Li's work at AOL included the AOLTV project, launched in 2000. She also worked on the AOL Channels: Health and Fitness, Personal Finance, Shopping, AIM Pages, AIM Lite, AOL.com, Ficlets, and Mac Development. In June 2005, Li was the designer of AOL's coverage of the Live 8. She won the first Broadband Emmy Award in 2006 for her work on Live 8 on AOL.

Li worked for Yahoo! after AOL, and was the lead designer for the relaunch of Flickr for iOS in 2012.

She was an author of a web design blog, several articles for net, and co-author of Professional CSS: Cascading Style Sheets for Web Design, 2nd ed.
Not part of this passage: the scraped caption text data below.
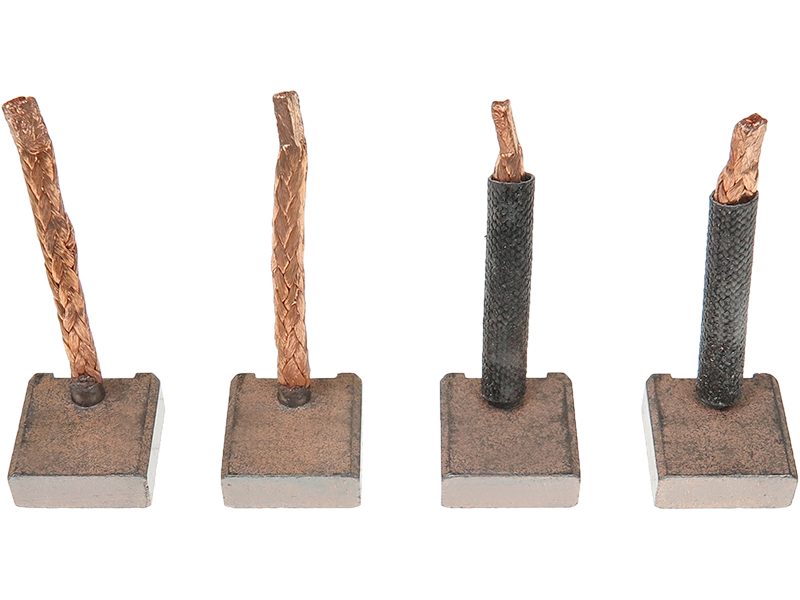 Starter motor brush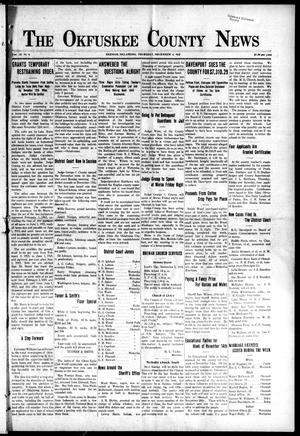 The Okfuskee County News (Okemah, Okla.), Vol. 12, No. 6, Ed. 1 Thursday, November 4, 1915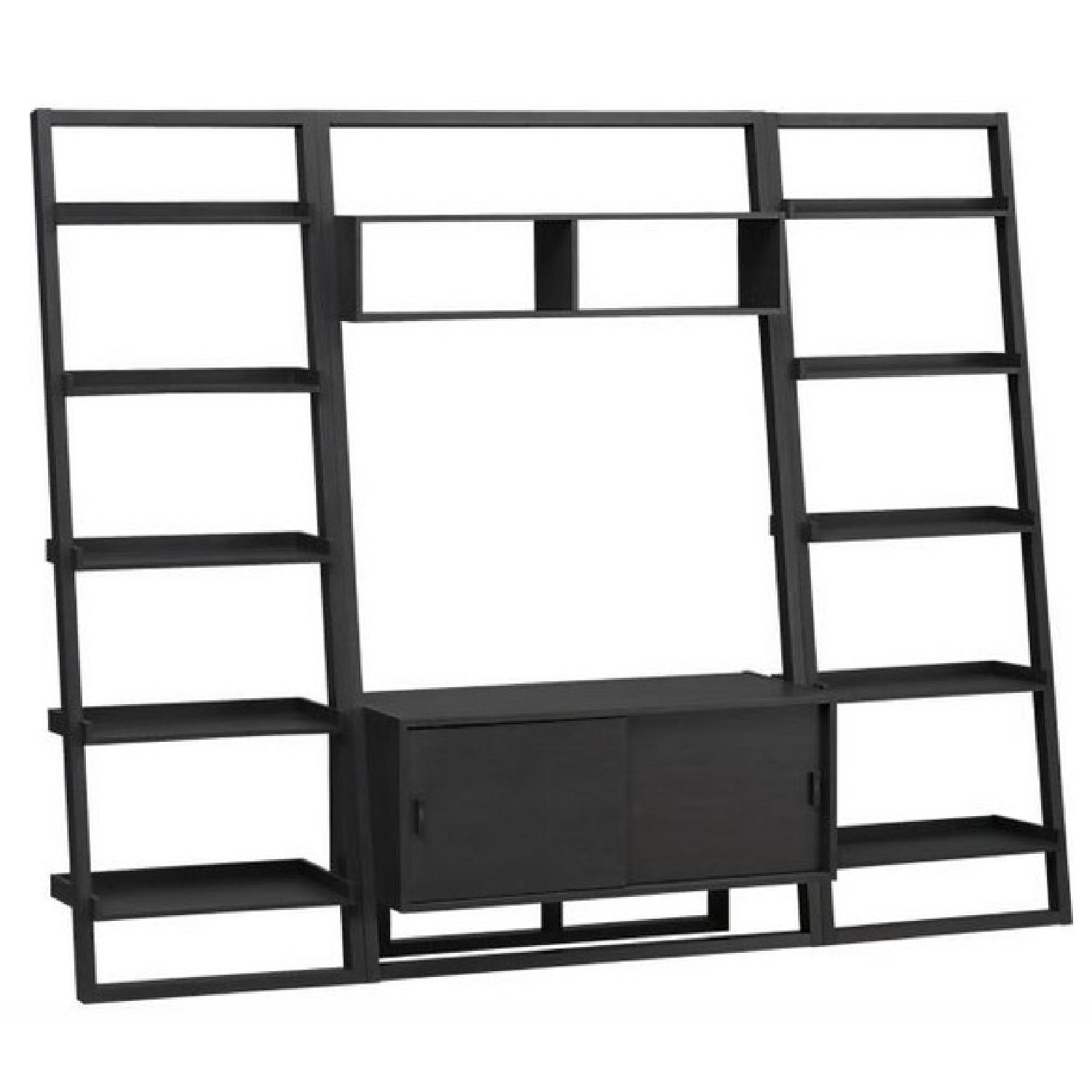 Crate & Barrel Dark Wood Entertainment Center - image-1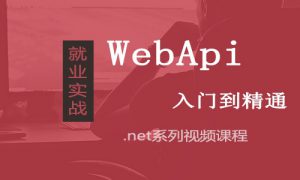 WebApi入门到精通视频课程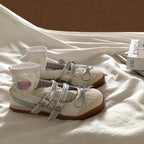 Damen Ballerinas mit modischen Riemchen und dekorativem Schleifen-Design EB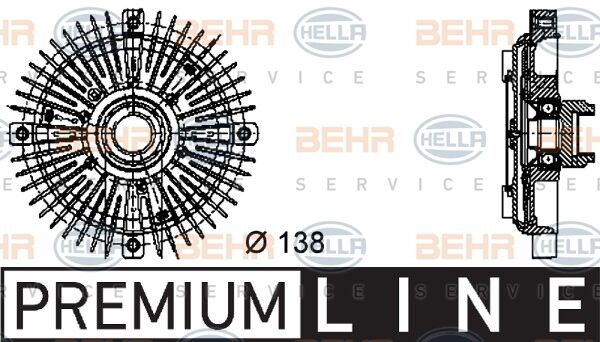 FAN TERMIGI 4 DELIK E24-E28-E30-E34-E36-E38-E39-Z3 E36 82-99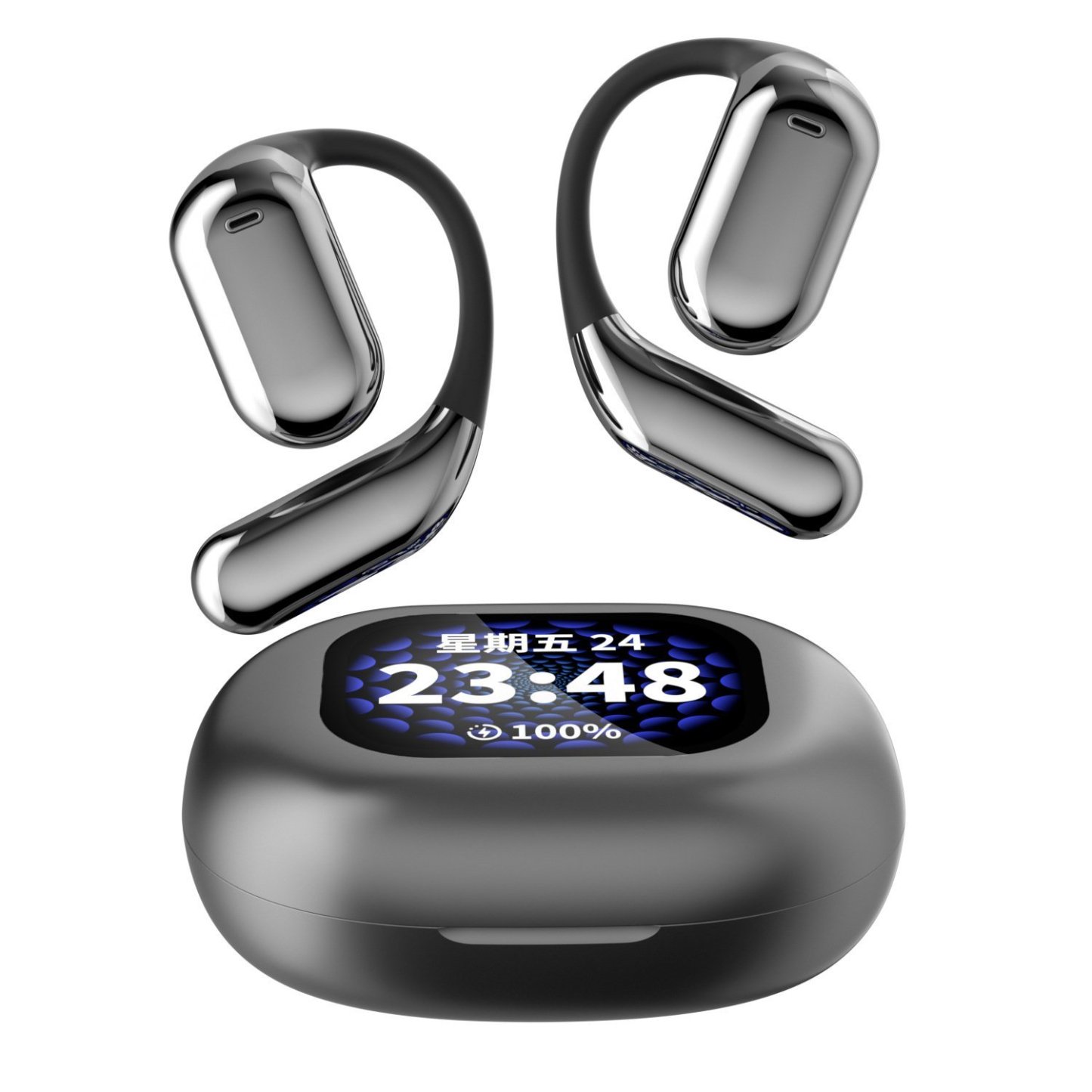 Prawdziwe, potężne słuchawki douszne Bluetooth 5.3 Open Ear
==Awards and recognitions==
In 2006, Li won the Broadband Emmy Award for her work on Live 8 on AOL, the first time that a multi-city, around-the-planet event had been broadcast live through the internet without any breaks.

In 2012, she was listed as one of .net magazine’s 20 Leading Web Designers.

==Books and articles==
- Li co-authored the second edition (2008) of Professional CSS: Cascading Style Sheets for Web Design, a guide to using CSS for web design using web standards(ISBN 9780470177082).
- Li's net article Find the perfect colour for your website is a guide to using color to improve the attractiveness and usability of a website while remaining accessible. It was published in 2014.

== Public speaking ==
Cindy Li gave opening keynotes at web design and user experience conferences, and was a frequent speaker at design and interaction conferences, most notably An Event Apart, Future of Web Design, Open Web Camp, and South by Southwest Interactive.